Es así como la hegemonía es aceptada (a veces sin verla) como la “normalidad”, pues lo que la gente quiere es sentir que entiende; quiere que sus experiencias se traduzcan en significados fijos, “legibles”, capaces de suministrarle la coherencia de la que carece. La legibilidad, anota Zlavoj Zizek, “no es un criterio neutro sino que depende del choque ideológico”, y gana siempre lo que puede leerse con más claridad.
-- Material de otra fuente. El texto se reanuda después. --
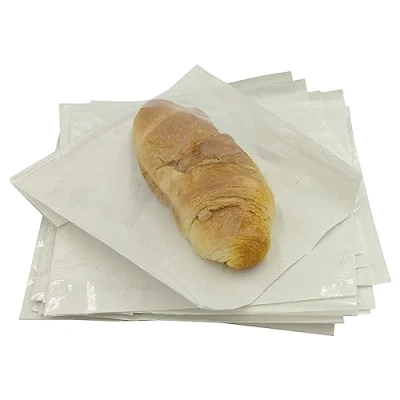 Image of 7&quot; x Cellophane White Film Fronted Paper Bags /175mm 175mm Clear Window Snacks Sandwich (100)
Es pues en este ámbito, el de la hegemonía, donde podemos inscribir a la literatura como subversión –en el sentido discursivo y fundamental que venimos proponiendo, pues la realidad es el efecto del cruce, y del choque permanente, de un sinfín de discursos. La literatura, no pretende (no debería pretender) apropiarse de la realidad mediante su “conocimiento”, tal como lo hace la ciencia, ni preocuparse por la “verdad” de sus enunciados, tal como lo hacía, en otros tiempos, la filosofía, sino que, justamente, la literatura es (o debería ser) construcción del deseo en el acto mismo de la escritura, articulación de los significados y de los significantes que atañen no tanto a lo que el escritor sabe sino a lo que ignora sobre sí mismo.

Esta concepción de la literatura está, así, lejos de aquellas que la postulan como el sueño de la Historia y como la metáfora de la Realidad, como si la literatura hubiera de ser un satélite de éstas y no una historia y una realidad en sí misma, por sí misma, es decir, una sub-versión de perturbadora audacia ética y estética; y lejos, también, de aquella concepción mercadotécnica que le exige “contar una buena historia”, como si la literatura hubiera de someterse a las leyes del entretenimiento para poder competir con otras formas narrativas que no sólo dan cuenta de una realidad oficial y supuestamente objetiva, sino que también la endulzan hasta hacerla enteramente legible, prácticamente al alcance de cualquier entendimiento, convirtiéndola así en una historia “llena de sentido”, y por lo tanto digna de llevarse a la pantalla grande, o chica.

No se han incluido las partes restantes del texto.